*** Information

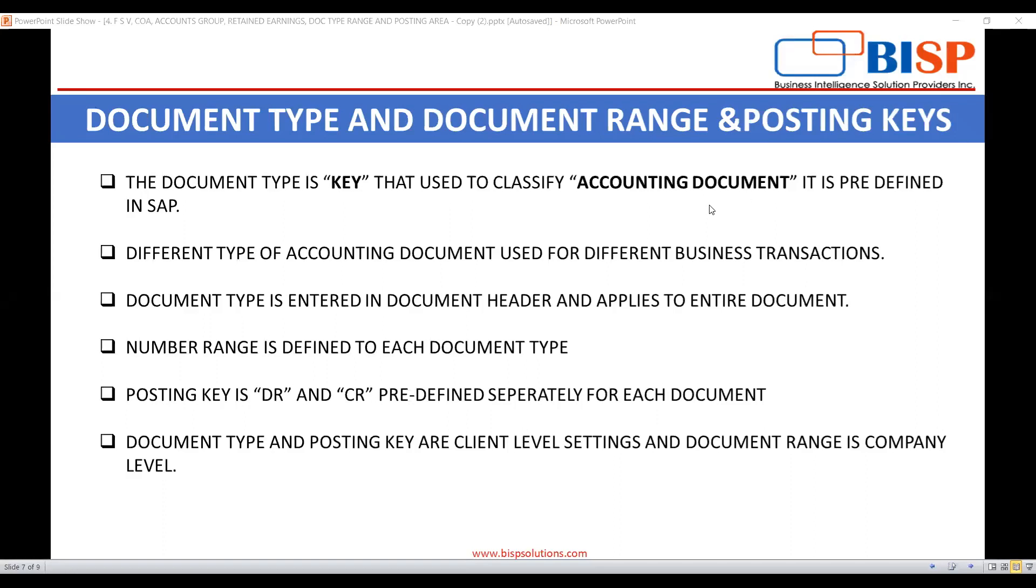Hello everyone. My name is Neha Sarda, Functional Consultant at BISP Solutions. So today we are going to see what is document type, document range and posting key. So let's begin.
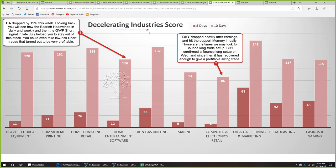Lastly we study the decelerating industries. We are looking at their five-day and ten-day scores — for all of these industries the five-day scores are significantly lower than ten-day scores. In the home entertainment software industry, EA dropped by 12% this week. Looking back, the bearish headwinds in both daily and weekly, and then the go-with-flow short signal that came in daily in late July, helped you stay out of the stock — you could even take low risk short trades that turned out to be very profitable. This week it gapped down after a disappointing news announcement.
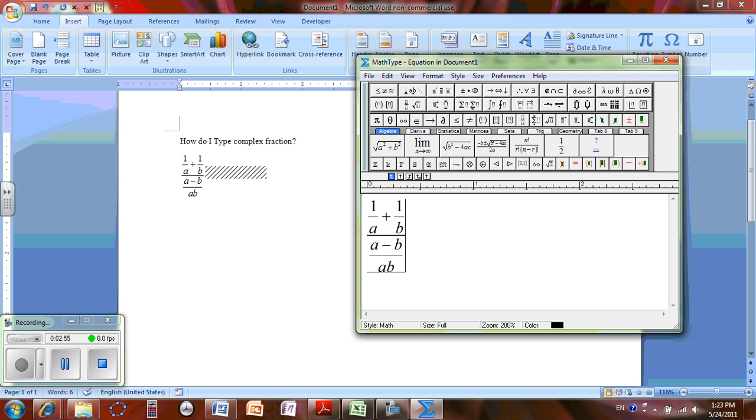Now I have created 1 over A plus 1 over B, over A minus B, A minus B over AB.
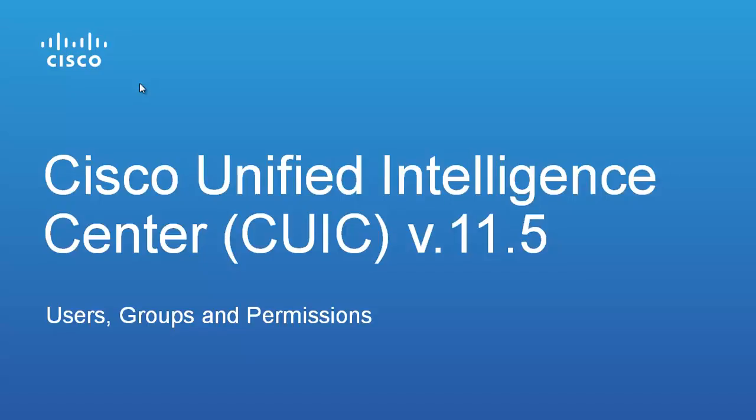Welcome to Using Cisco Unified Intelligence Center, CUIC. This video on Users, Groups and Permissions is one in a multi-part series introducing CUIC 11.5. In this video we will cover the administration of CUIC users, groups and permissions.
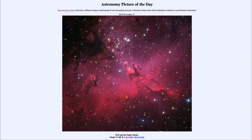That was our picture of the day for November 15th, 2019, titled M16 and the Eagle Nebula. We'll be back again tomorrow for the next picture, previewed to be star streams and galaxies — so we'll see what that is about tomorrow. Until then, have a great day everyone, and I will see you in class.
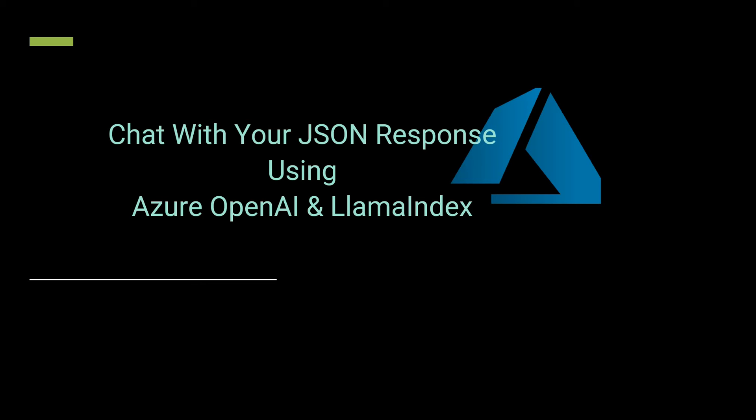Hello, everyone. Welcome to another video and in this video, we will see how we can query our JSON response using Azure OpenAI and Lama Index.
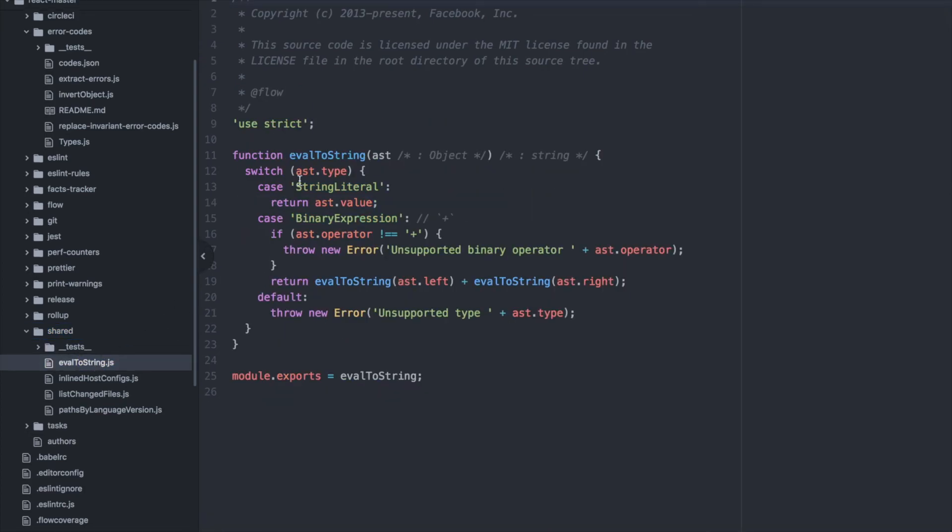I can double click that and now I'm here in eval to string. But as you can see, that was a bit time consuming. There's a much faster way of doing that.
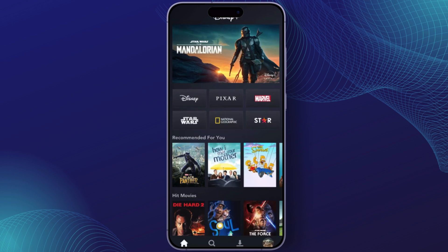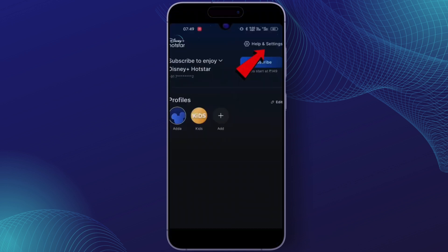Log in with your account credentials to get started. Once you're logged in, you'll be taken to your main screen where you can access all your movies and shows. Now, to manage your devices, tap on your profile icon in the bottom right corner of the screen.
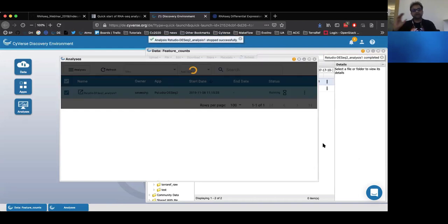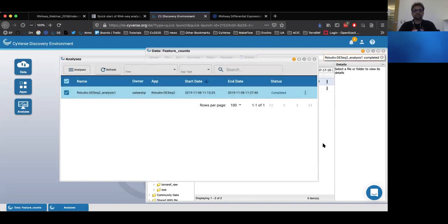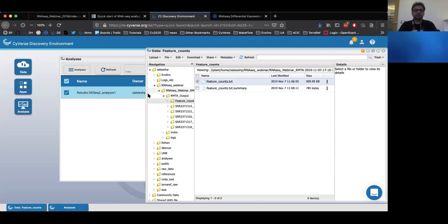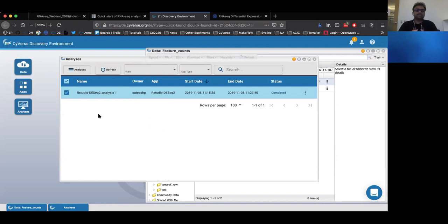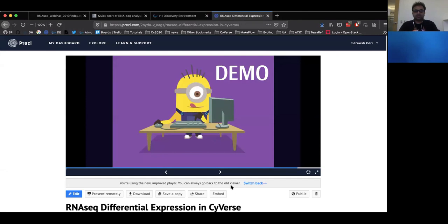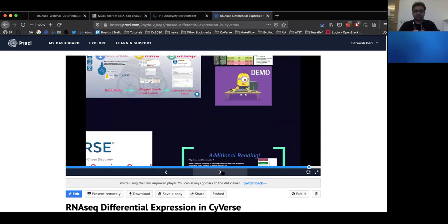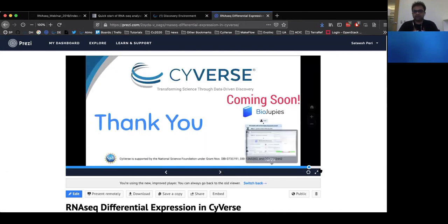When you click that button, all the information in that particular app that we have processed is saved and brought back to your data store. It should be available in your analysis window, which you can easily share with anyone on Cyverse or download and move it forward for publications. With that, I think that is the end of the webinar and I will be happy to take questions.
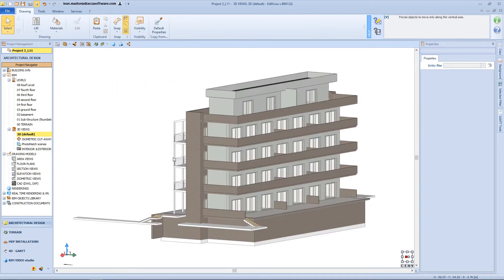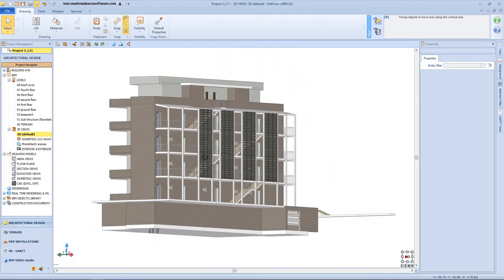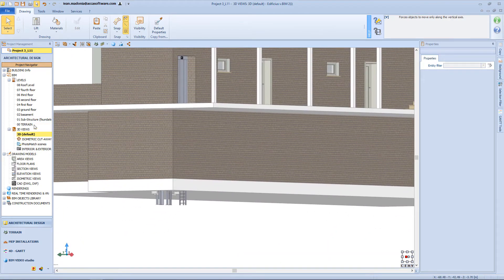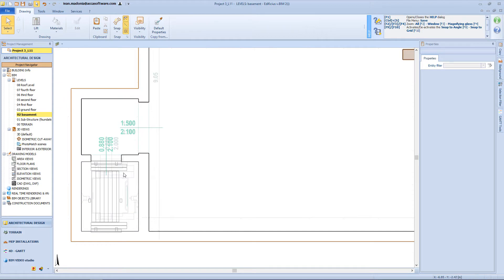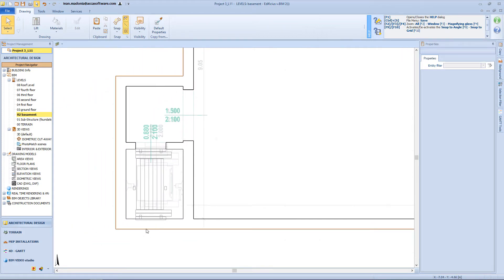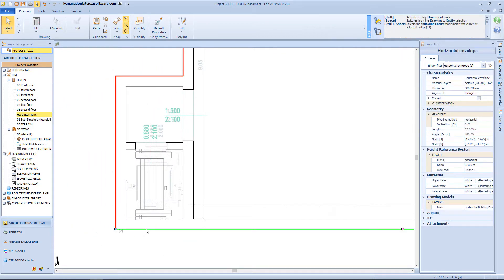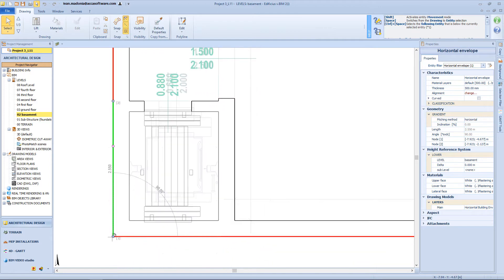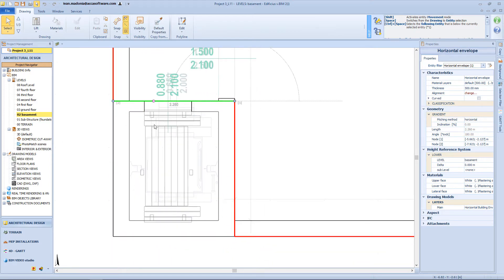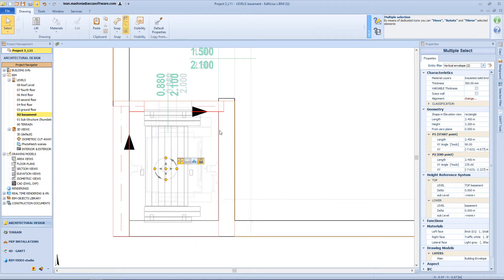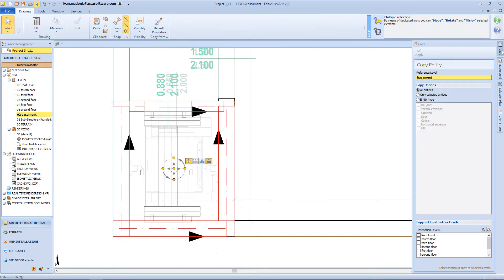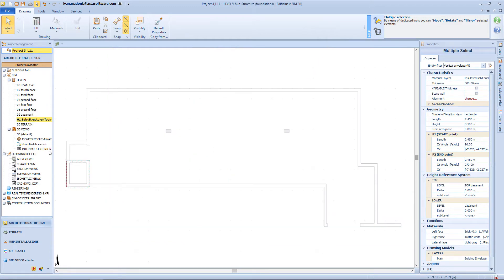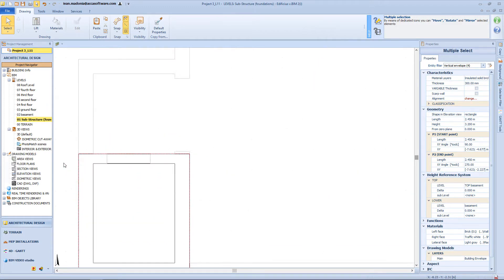Now as you can see from the 3D view, we need to adjust this part of the basement. So come back on the level, and change the perimeter of the slab. Then select these walls, and copy and paste it to the foundation level. And here, I will insert my new foundation slab.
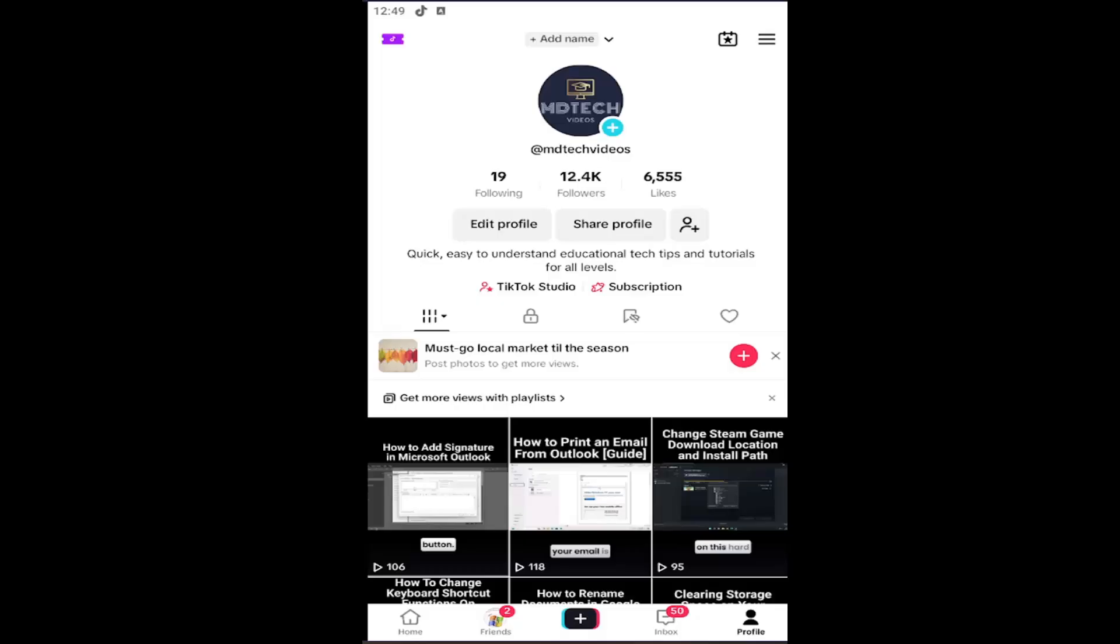So first thing I'd recommend doing, make sure your audio is working properly on your iOS, Android, or Windows device. And then the second thing, we can check our app settings within TikTok itself.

******

→ **What this task involves**: Repeat each of the entries above exactly, but do not carry over the pictures.

→ **Solution for this exercise**:
Hello everyone. My name is Neha Sarda, Functional Consultant at BISP Solutions. So today we are going to see what is document type, document range and posting key. So let's begin.
Lastly we study the decelerating industries. We are looking at their five-day and ten-day scores — for all of these industries the five-day scores are significantly lower than ten-day scores. In the home entertainment software industry, EA dropped by 12% this week. Looking back, the bearish headwinds in both daily and weekly, and then the go-with-flow short signal that came in daily in late July, helped you stay out of the stock — you could even take low risk short trades that turned out to be very profitable. This week it gapped down after a disappointing news announcement.
Now I have created 1 over A plus 1 over B, over A minus B, A minus B over AB.
Welcome to Using Cisco Unified Intelligence Center, CUIC. This video on Users, Groups and Permissions is one in a multi-part series introducing CUIC 11.5. In this video we will cover the administration of CUIC users, groups and permissions.
That was our picture of the day for November 15th, 2019, titled M16 and the Eagle Nebula. We'll be back again tomorrow for the next picture, previewed to be star streams and galaxies — so we'll see what that is about tomorrow. Until then, have a great day everyone, and I will see you in class.
Hello, everyone. Welcome to another video and in this video, we will see how we can query our JSON response using Azure OpenAI and Lama Index.
I can double click that and now I'm here in eval to string. But as you can see, that was a bit time consuming. There's a much faster way of doing that.
Log in with your account credentials to get started. Once you're logged in, you'll be taken to your main screen where you can access all your movies and shows. Now, to manage your devices, tap on your profile icon in the bottom right corner of the screen.
When you click that button, all the information in that particular app that we have processed is saved and brought back to your data store. It should be available in your analysis window, which you can easily share with anyone on Cyverse or download and move it forward for publications. With that, I think that is the end of the webinar and I will be happy to take questions.
Now as you can see from the 3D view, we need to adjust this part of the basement. So come back on the level, and change the perimeter of the slab. Then select these walls, and copy and paste it to the foundation level. And here, I will insert my new foundation slab.
So first thing I'd recommend doing, make sure your audio is working properly on your iOS, Android, or Windows device. And then the second thing, we can check our app settings within TikTok itself.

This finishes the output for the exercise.